*** Task inputs Section Begins ***

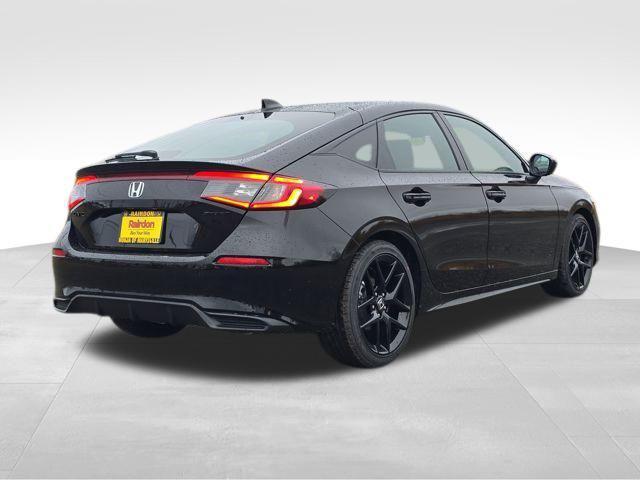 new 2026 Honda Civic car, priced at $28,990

*** Task inputs Section Ends ***
*** Task inputs Section Begins ***

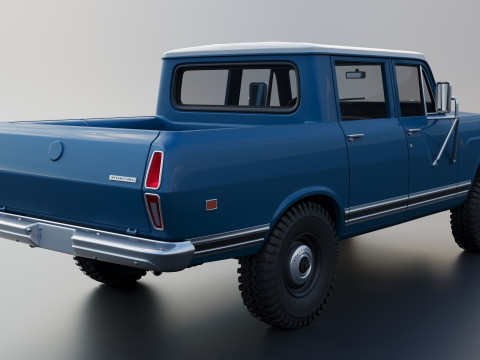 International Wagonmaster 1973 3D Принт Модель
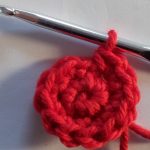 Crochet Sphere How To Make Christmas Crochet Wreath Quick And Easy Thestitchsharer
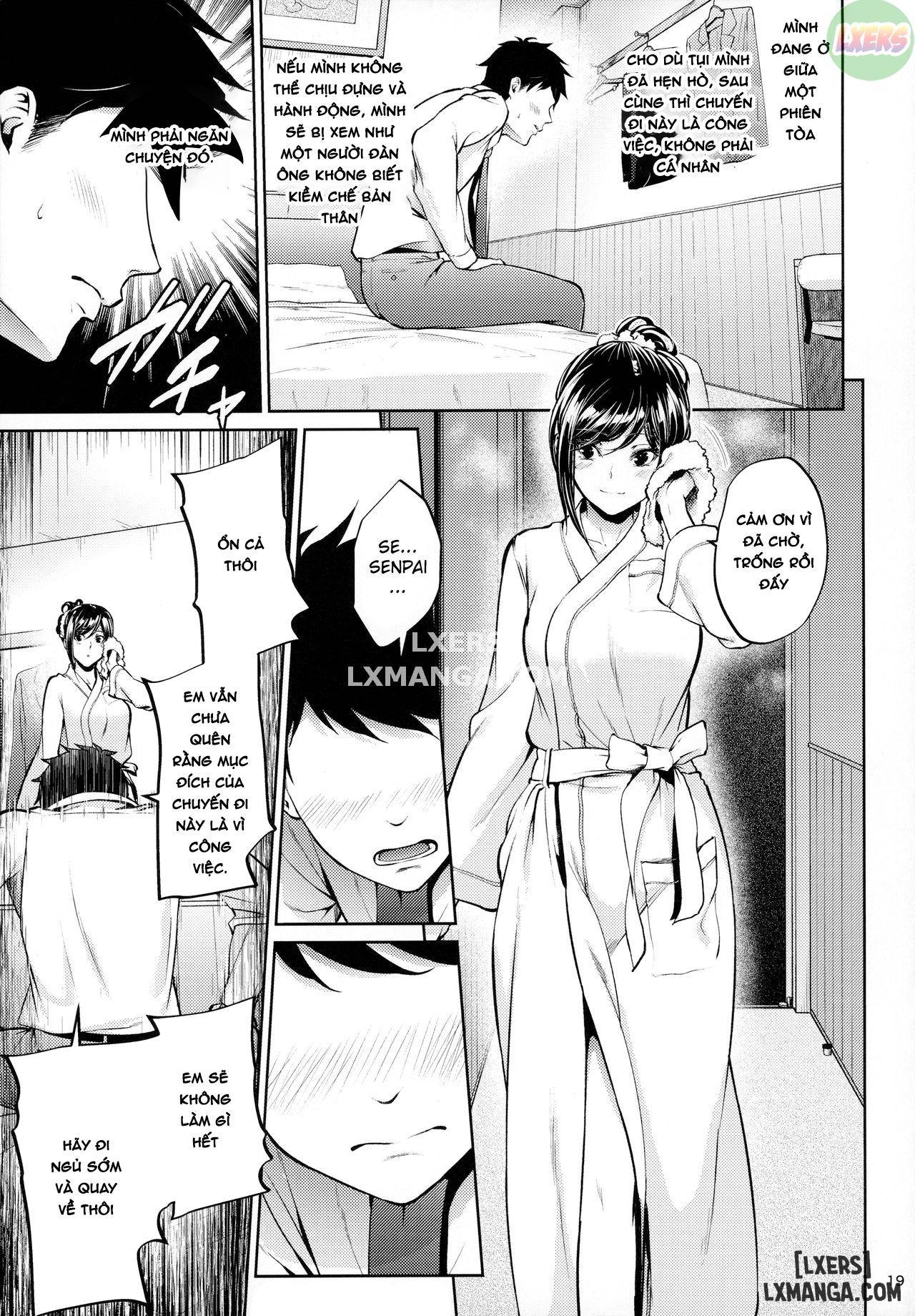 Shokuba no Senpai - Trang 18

*** Task inputs Section Ends ***

* **To do**
Your answer should be the lines above, word for word, from the line with "Crochet Sphere How" through the line with "Shokuba no Senpai - Trang 18", minus the pictures.

* **Response for this exercise**
 Crochet Sphere How To Make Christmas Crochet Wreath Quick And Easy Thestitchsharer
 Shokuba no Senpai - Trang 18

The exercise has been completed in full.